LLast week, Radio 4 marked the centenary of his birth by grappling with the contested legacy of Philip Larkin, one of England’s greatest and most problematic poets. In the first episode of Larkin Revisited, a series that will explore that legacy through 10 poems, the presenter, poet laureate Simon Armitage, found himself discussing the word “dull” with his fellow poet Ian McMillan. Not perhaps the most promising of starts but, in its own way, Larkinesque.
The context was the poem Born Yesterday, which Larkin wrote for his friend Kingsley Amis’s newborn daughter, Sally. In it, he wishes her not beauty and innocence, but a life of drab ordinariness: “May you, in fact, be dull.” For McMillan, Larkin’s particular genius was made clear in the lines that immediately followed, where he audaciously redefined the word “dull” as a “vigilant, flexible/ Unemphasised, enthralled/ Catching of happiness”. It reminded us, McMillan said, of “all the things that dull can be, that ordinary can be.” Well, maybe so, but I can’t have been the only listener thinking: hang on a minute, isn’t a life of flexibility, vigilance and enthralment the very opposite of dull?
That quibble apart, the three programs so far deftly explore Larkin’s brilliance as well as confronting the racist and misogynist views he expressed from time to time in his letters. A timely subtext that, as Armitage put it, addresses the ways “we think about the separations we do and don’t make between life and art”.

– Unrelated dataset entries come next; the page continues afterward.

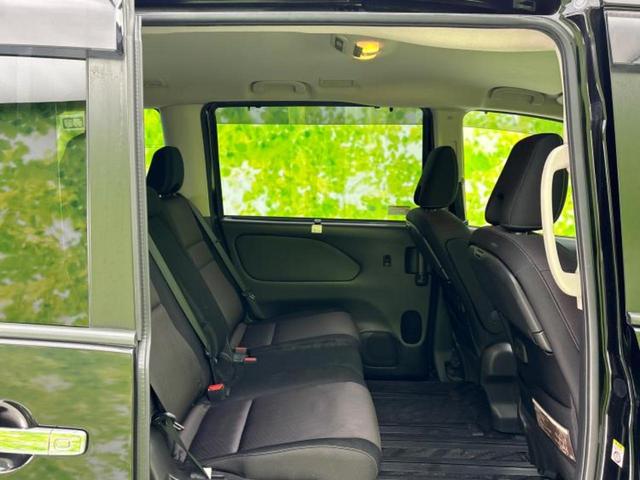 セレナ ハイウェイスターＶセレクション　社外　８インチ　ナビ／エマージェンシーブレーキ／両側電動スライドドア／アラウンドビューモニター／車線逸脱防止支援システム／パーキングアシスト　自動操舵／ドライブレコーダー　前後　衝突被害軽減システム（5枚目）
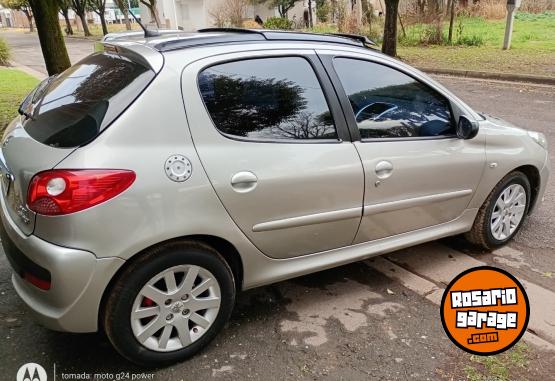 Autos - Peugeot 207 2010 Nafta 180000Km - En Venta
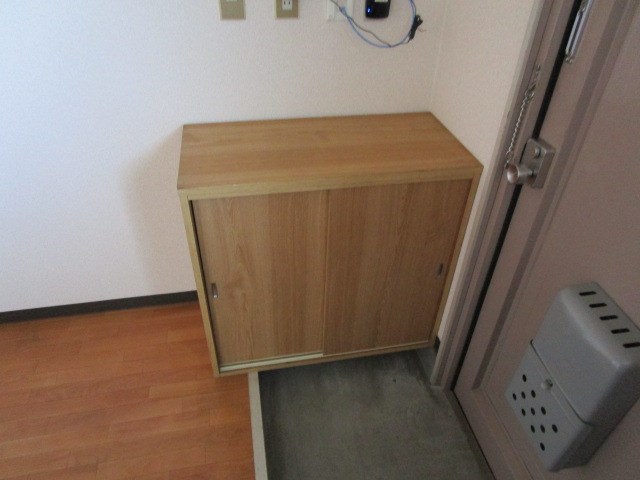 メゾンフジタ 玄関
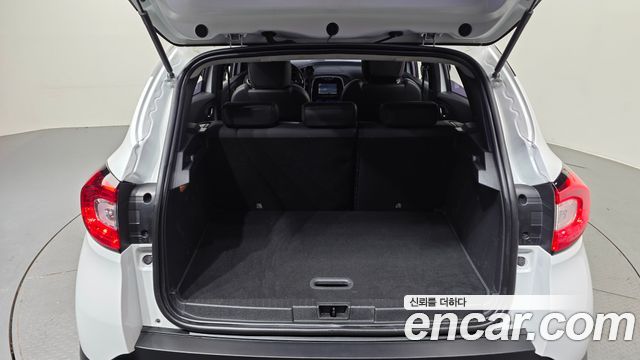 Renault Korea QM3 2017 — photo 26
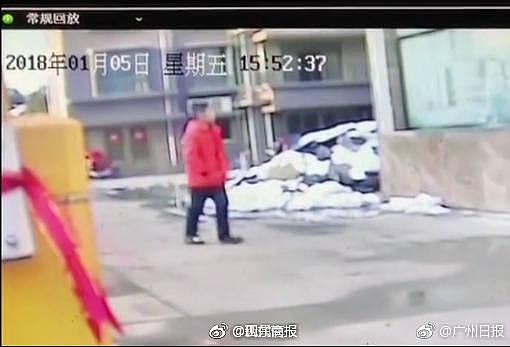 男童弄丢手机被母亲乱棍打死 邻居:孩子终于解脱了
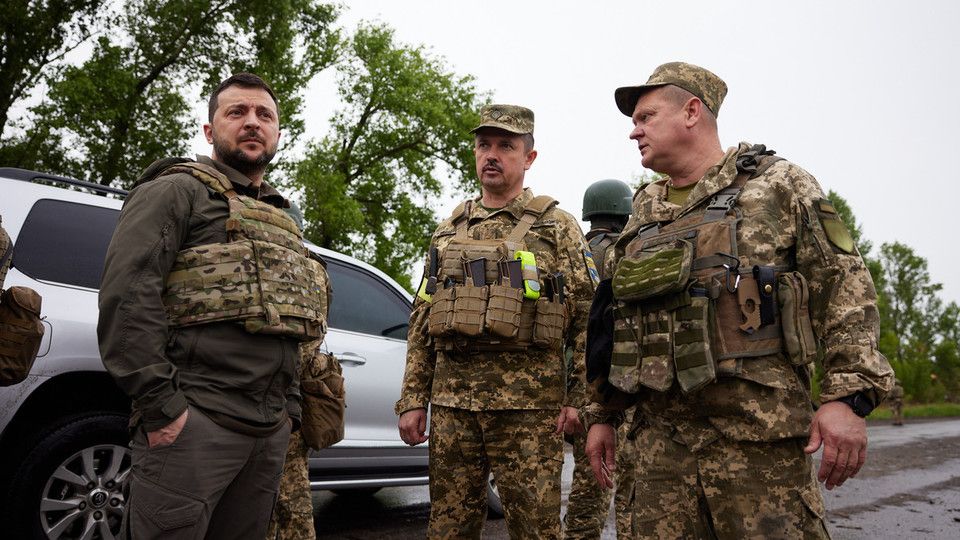 La visita di Zelensky alle truppe ucraine a Kharkiv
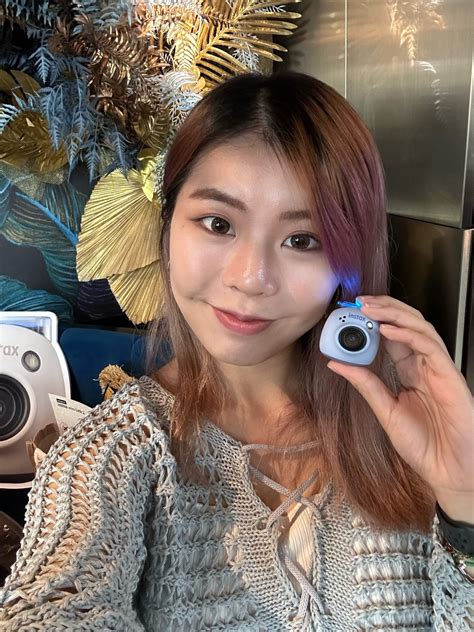 [大勢所趨]FUJIFILM出咗部純數碼超迷你即影即冇相機 | LIHKG 討論區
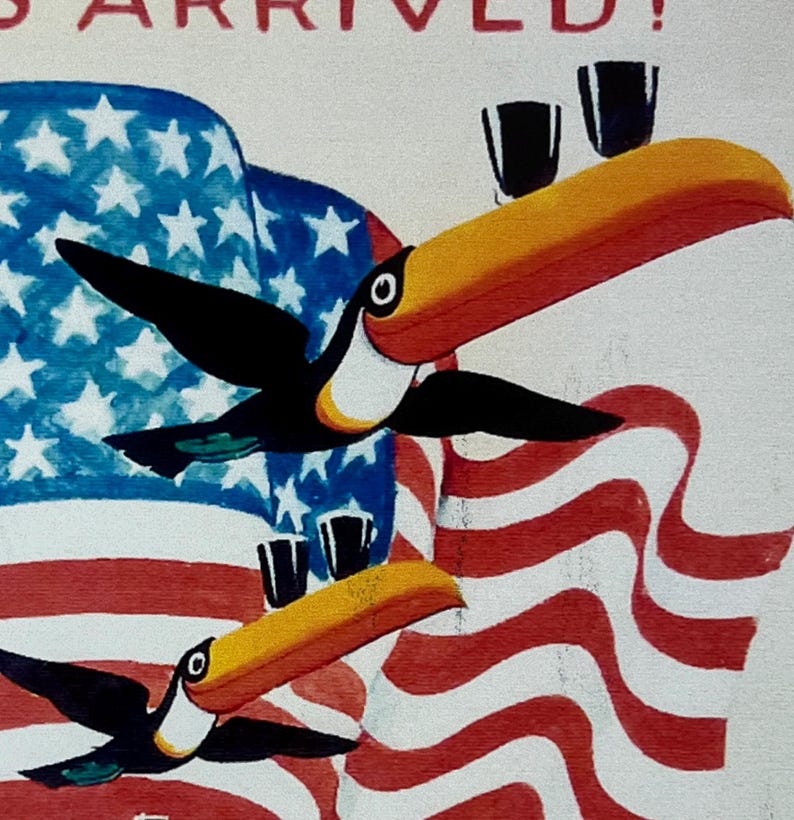 Pu&ograve; includere: Due tucani volano sopra una bandiera americana con tre bicchieri neri sopra il becco del tucano. I tucani sono gialli, arancioni e neri. La bandiera &egrave; rossa, bianca e blu.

Larkin made a brief appearance in the first installation of Ian Hislop’s three-part In Suburbia (Radio 4), though it was the altogether more amenable John Betjeman who memorably described the English suburbs as “the outskirt’s edges/ Where a few surviving hedges/ Keep alive our lost Elysium”.

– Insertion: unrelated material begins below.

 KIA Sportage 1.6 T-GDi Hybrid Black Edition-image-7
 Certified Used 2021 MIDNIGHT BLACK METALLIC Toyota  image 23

Betjeman’s poem Middlesex, written in 1954, is a paean to a certain kind of middle-class contentment that the suburbs once symbolized. As Hislop noted, the poet’s sympathetic voice was the exception rather than the norm among authors, architects, musicians and other arbiters of cultural significance, for whom the suburbs were a kind of nowhere-land of net curtains and well-manicured lawns. “It was relatively safe, it was complacent, it was nice, it was just dull as hell,” the novelist Hanif Kureishi noted of his upbringing of him in Bromley. That suburban inertia, though, spawned Kureishi’s most celebrated novel by him, The Buddha of Suburbiaand it’s that dynamic – deep boredom begetting rich creativity – that Hislop sets out to investigate.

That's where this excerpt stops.